====== Source material ======

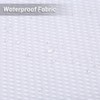 Shower Curtain – GlowSol Water-Resistant Shower Liner with Buttonholes for Bathroom (1-Piece) - 3 of 4
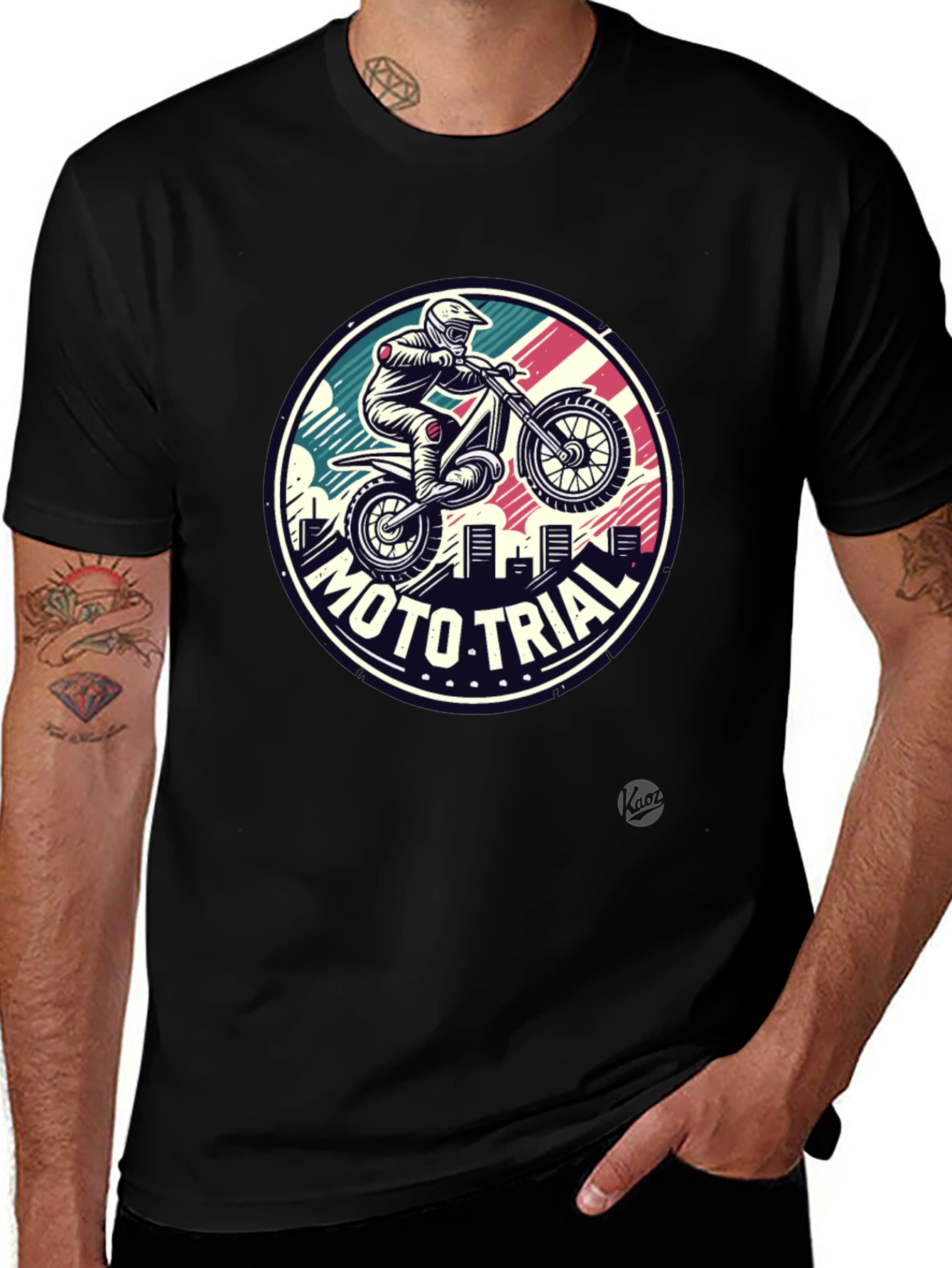 Moto Trial Graphic Tee - Ride in Style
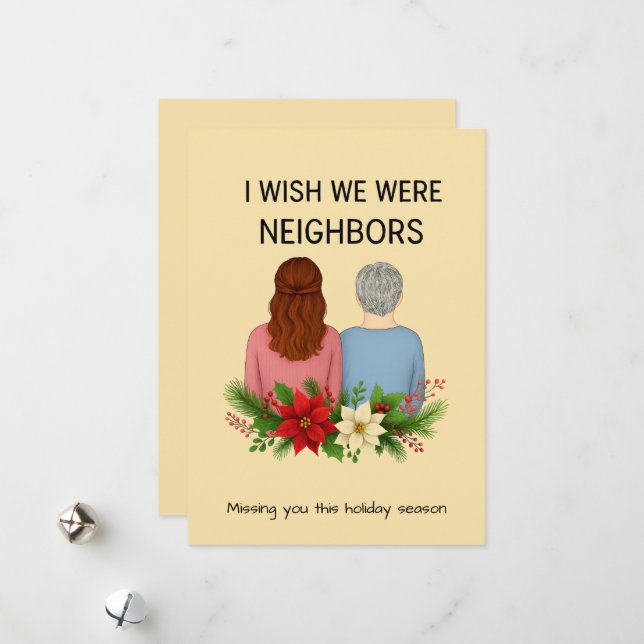 Best Friends Holiday Card Customized Wish We Were (Front/Back In Situ)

======

• [About this task]:
Above is a listing with pictures. Write it out exactly without them.

• [Answer box]:
 Shower Curtain – GlowSol Water-Resistant Shower Liner with Buttonholes for Bathroom (1-Piece) - 3 of 4
 Moto Trial Graphic Tee - Ride in Style
 Best Friends Holiday Card Customized Wish We Were (Front/Back In Situ)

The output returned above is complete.